Veo pasar un tren cargado de automóviles recién salidos de la fábrica. En sentido inverso, otro tren de mercancías. Hay un ritmo en el lento encuentro, tac tac. Una base musical sobre la que construir una vida. ¿La de quienes ocuparán esos automóviles dentro de unos días? Quizá solo la mía, mientras los observo pasar.

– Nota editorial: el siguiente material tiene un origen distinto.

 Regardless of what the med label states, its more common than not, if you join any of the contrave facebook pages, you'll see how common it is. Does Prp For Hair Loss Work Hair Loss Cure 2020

Una de las cosas más llamativas en los últimos tiempos es la pérdida de la urbanidad. En todos los ámbitos: en el trato personal, en la literatura, en la política. Una cosa debería ser no caer en la trampa social de los convencionalismos y otra la pérdida de la cortesía. No nos damos cuenta de que al soltar las furias ya no las dominamos y se nos pueden volver en contra. Me sorprende la ingenuidad de algunos que utilizaron la actitud bronca para hacerse un hueco y ahora se sorprendan de que se les responda de la misma manera, como si tuvieran el patrimonio de la falta de respeto. También de aquellos que pensaron que se comprendería su teatrillo, que era todo ficción. También me sorprenden mucho los que aplauden al que tiene como armas la bronca y el mal gesto, el acoso y la mentira. A la bicha no se la controla. Si uno grita otro grita más.
En el arte, el grito siempre ha sido una herramienta: de compromiso, de desesperación, comercial. Usada en su medida es magnífica. Como ahora gritan todos, si todos gritan, nadie grita. Como ahora todos gritan, lo más revolucionario es bajar la voz. El grito ya no es un mensaje ni trasmite mensaje. En el ruido no hay nada.
No termina de pasar el tren, tac tac.